(RECORDED DATA begins)

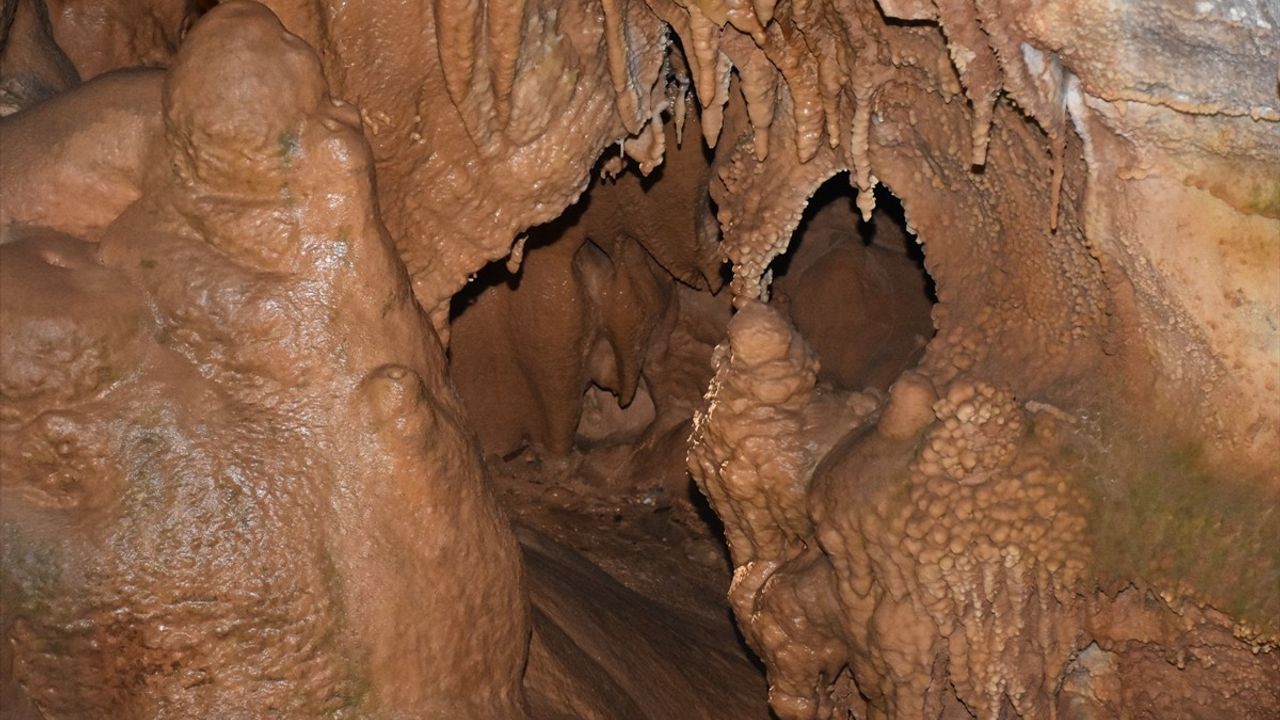 Karaca Mağarası Ziyaretçi Sayısı 114 Bini Aştı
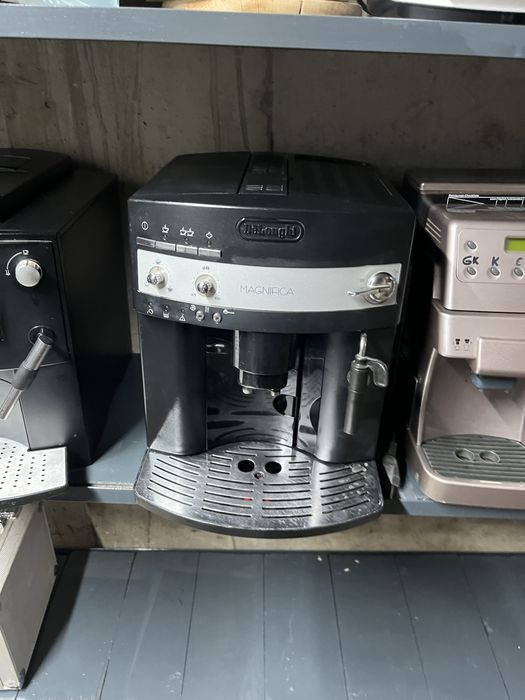 Aparat de cafea delonghi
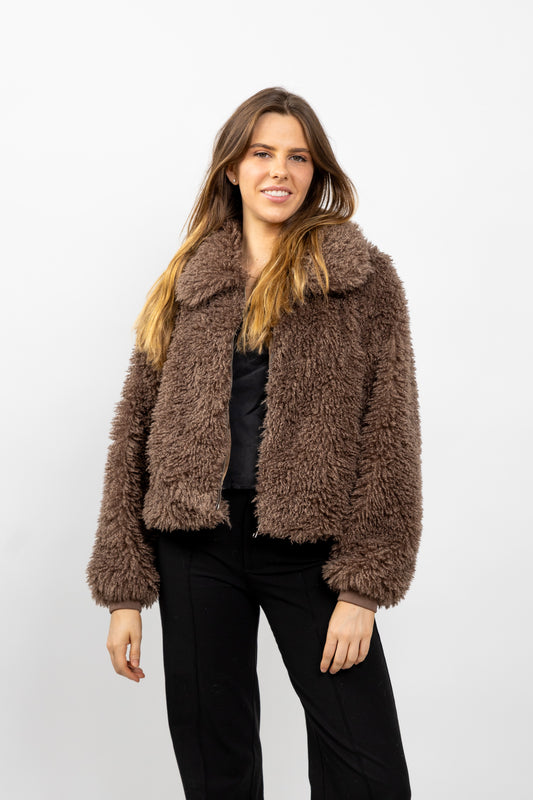 BLOUSON EN FAUSSE FOURRURE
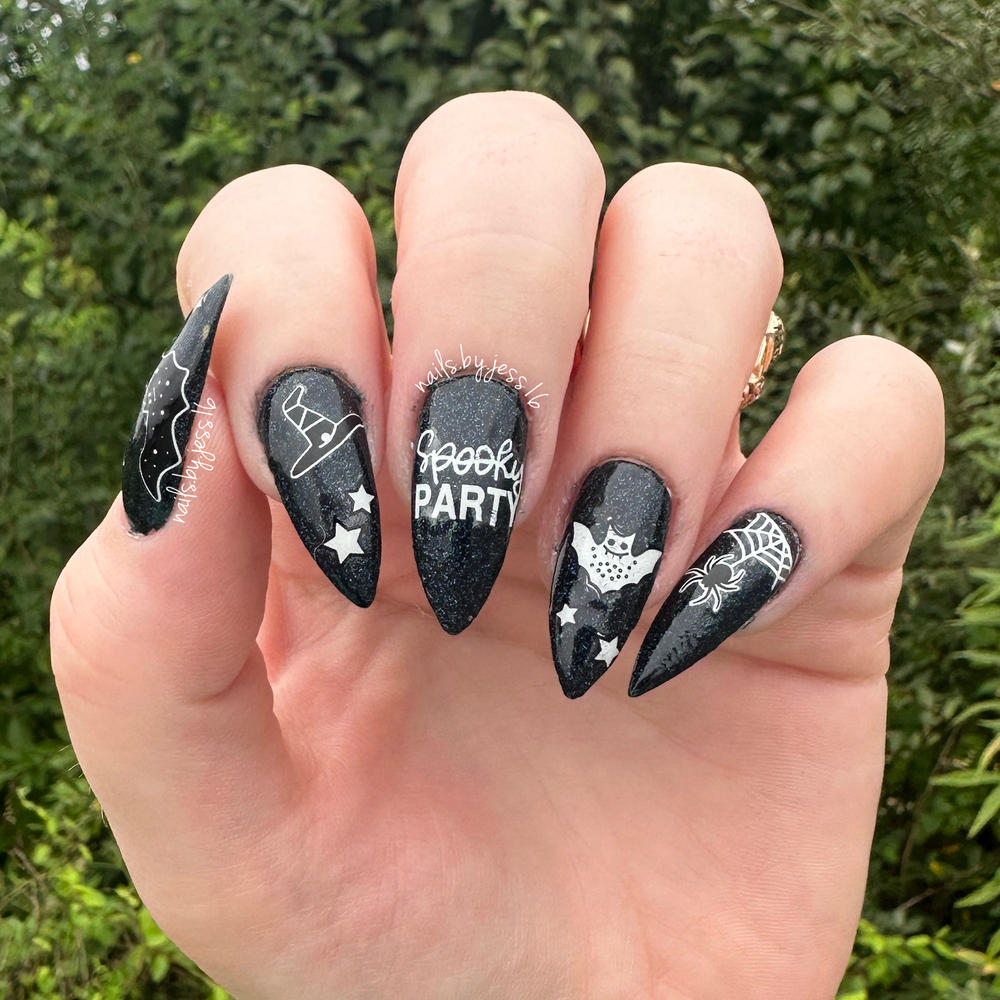 Spooky Glow in the Dark Halloween Nails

(RECORDED DATA ends)

■ WORK REQUEST ■
The listing above should be repeated word for word, pictures removed.

■ RESPONSE ■
 Karaca Mağarası Ziyaretçi Sayısı 114 Bini Aştı
 Aparat de cafea delonghi
 BLOUSON EN FAUSSE FOURRURE
 Spooky Glow in the Dark Halloween Nails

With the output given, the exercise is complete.